▼
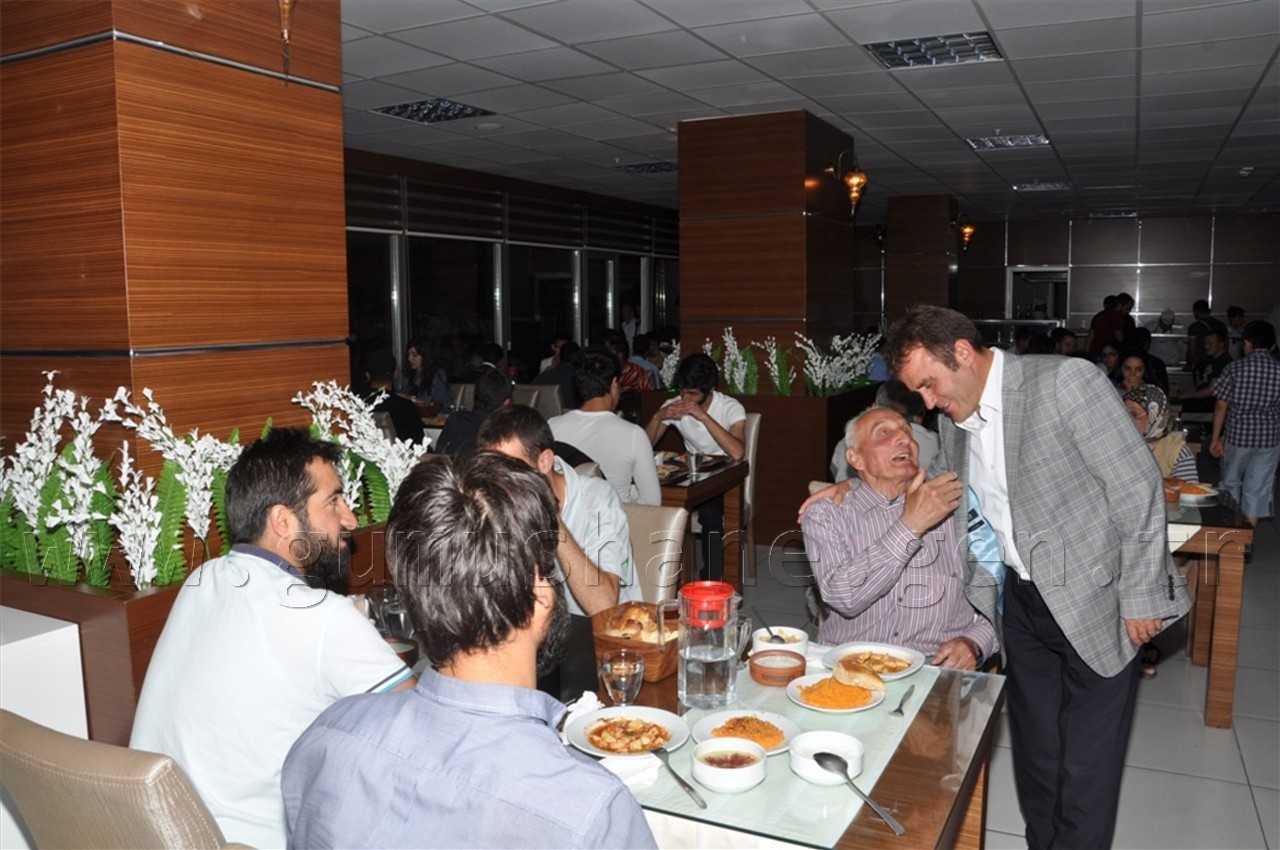 Başkan Çimen, İftar Yemeğinde Vatandaşlarla Bir Araya Geldi 7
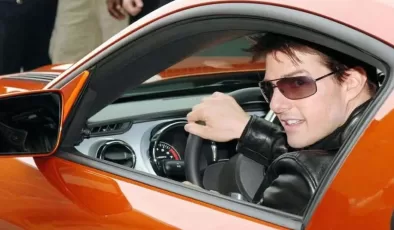 Tom Cruise Bugatti’den inerken resmen can çekişti! Ünlü markadan Cruise’a veto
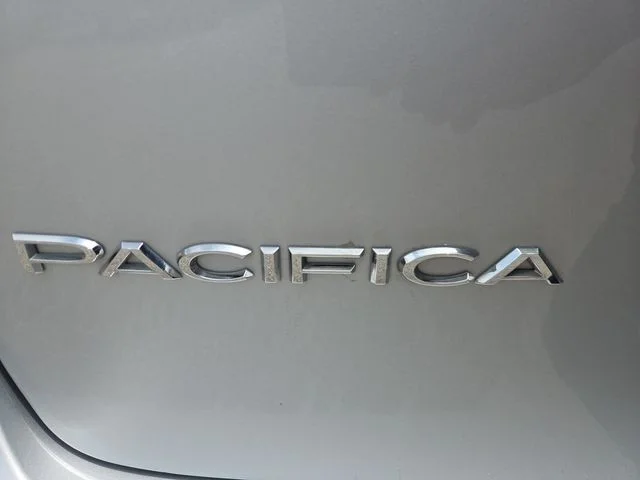 Used 2024 Silver Chrysler Touring L image 16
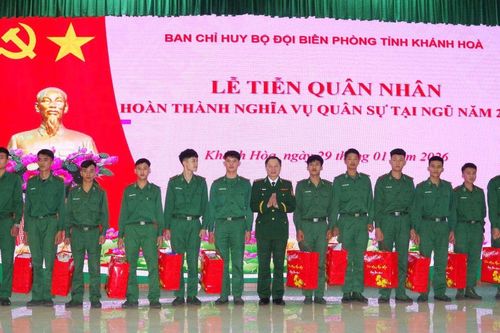 Bộ đội Biên phòng tỉnh Khánh Hòa tiễn 167 quân nhân hoàn thành nghĩa vụ quân sự trở về địa phương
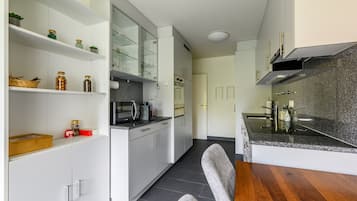 Refrigerador, microondas, horno, lavavajillas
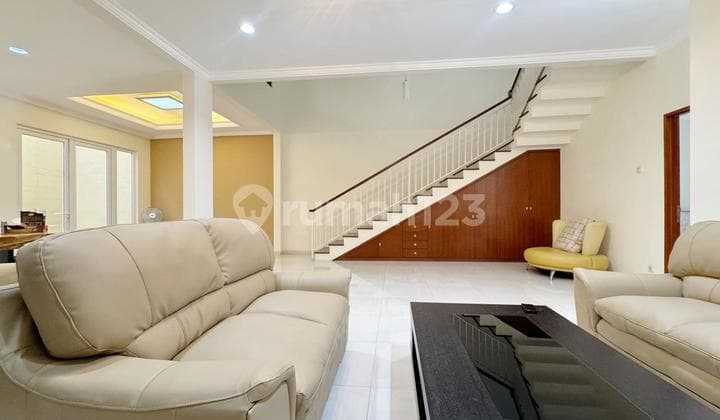 Rumah Rapih Siap Huni di Cluster Madrid Modernland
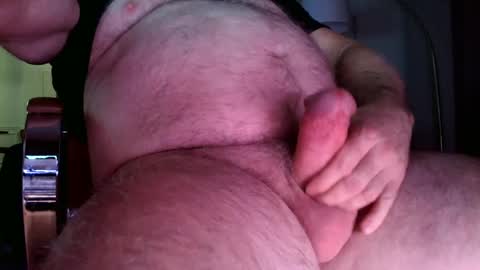 Snapshot of beefbubs chatting on December 2, 1:51 am BeefBubs online show from December 2, 1:51 am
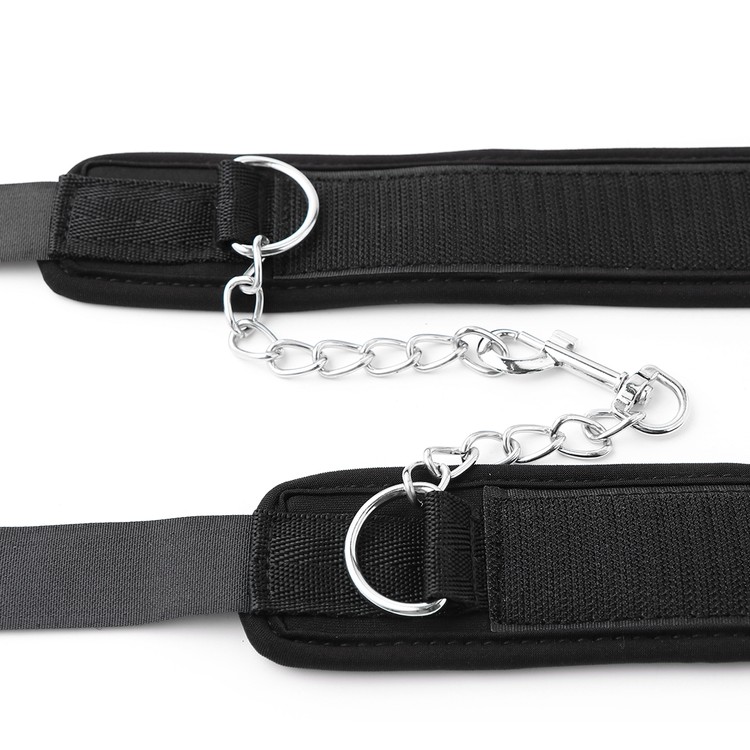 אזיקי ידיים מנאופרן  סגירת סקוטש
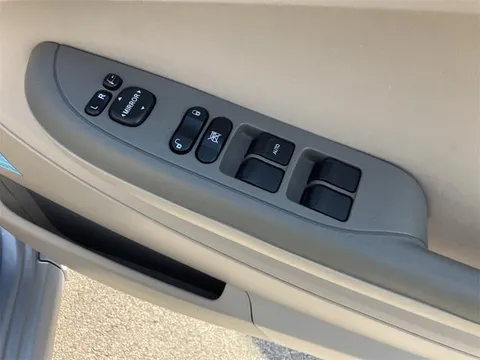 Subaru R2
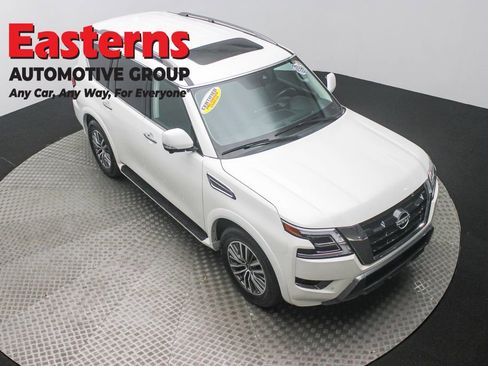 Used 2023 Nissan Armada SL w/ Captain's Chairs Package image 3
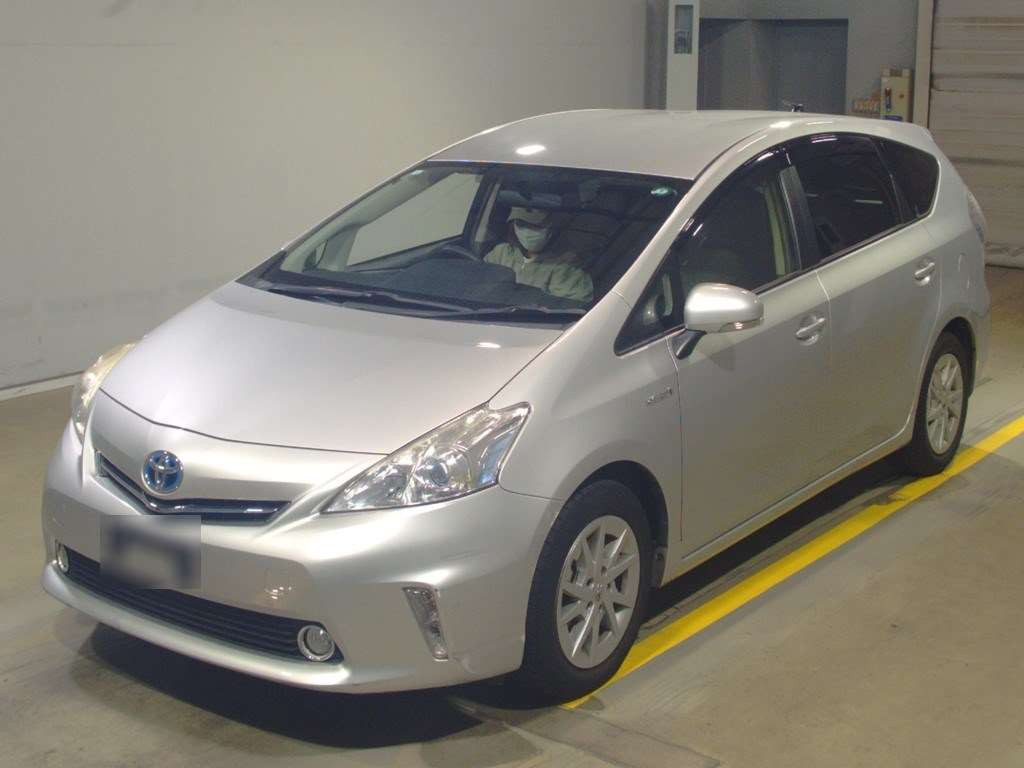 2012 Toyota Prius alpha ZVW41W[0]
▲
### What is expected
The expected output is the complete listing, word for word, without any picture.

### Result of the exercise
 Başkan Çimen, İftar Yemeğinde Vatandaşlarla Bir Araya Geldi 7
 Tom Cruise Bugatti’den inerken resmen can çekişti! Ünlü markadan Cruise’a veto
 Used 2024 Silver Chrysler Touring L image 16
 Bộ đội Biên phòng tỉnh Khánh Hòa tiễn 167 quân nhân hoàn thành nghĩa vụ quân sự trở về địa phương
 Refrigerador, microondas, horno, lavavajillas
 Rumah Rapih Siap Huni di Cluster Madrid Modernland
 Snapshot of beefbubs chatting on December 2, 1:51 am BeefBubs online show from December 2, 1:51 am
 אזיקי ידיים מנאופרן  סגירת סקוטש
 Subaru R2
 Used 2023 Nissan Armada SL w/ Captain's Chairs Package image 3
 2012 Toyota Prius alpha ZVW41W[0]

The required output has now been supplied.